IN SEARCH OF SUITABLE POLITICAL LEADERSHIP, ACTA UNIVERSITATIS OULUENSIS B Humaniora 93
|Kustantaja:||Oulun yliopisto|| |
|Sijainti:||Print Tietotalo|| |
|Tekijät:||SAUNAVAARA JUHA|| |
The emergence of a cabinet and political parties that could be called democratic was one of the focal objectives for the Allied Occupation of Japan that lasted from 1945 until 1952. Cooperation with the local political actors was also necessitated by the model of indirect rule through domestic institutions that was adopted. The occupation authorities were actively seeking suitable political leadership to govern Japan and were ready to intervene in the development of Japan’s domestic politics for the sake of achieving their goals. Great efforts were, however, made not to distract the democratic façade that covered the undemocratic and non-transparent behind-the-scenes orders. It was important to make the selection of the new political leadership to appear as something that originated from the freely expressed will of the Japanese people.
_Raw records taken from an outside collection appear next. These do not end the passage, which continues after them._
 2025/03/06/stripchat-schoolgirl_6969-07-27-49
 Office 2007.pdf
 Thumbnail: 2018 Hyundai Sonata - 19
This dissertation offers the first narrative identifying and analyzing the characteristics of the occupation authorities’ policy concerning the Japanese conservatives at the beginning of the occupation. The study emphasizes the importance of understanding the planning period’s influence on the actual occupation policy and introduces a wartime discussion concerning the Japanese conservatives. The process of sorting out the most suitable Japanese leaders in 1942 –1947 can be divided into several phases. What was considered suitable varied during different times, but what was expected from the suitable Japanese leadership remained rather unchanged. The planners of the occupation looked for moderate conservatives: who were to be thanked for Japan’s prewar steps toward democracy; who were not to be blamed for the war; and who were to help in the reconstruction process. At the beginning of the occupation, the occupation authorities sought for cooperative conservative statesmen who would be ready to follow the wishes of the occupier and yet claim the reforms as their own initiatives. After the first postwar general election in April 1946 this rule had to be connected with the conservative parties. Finally, the occupation authorities began to search for suitable middle-of-the-road conservatives who could, together with the right-wing of the Socialist Party, continue the previous cabinet’s work while ensuring the social stability and the success of reforms in the changing situation.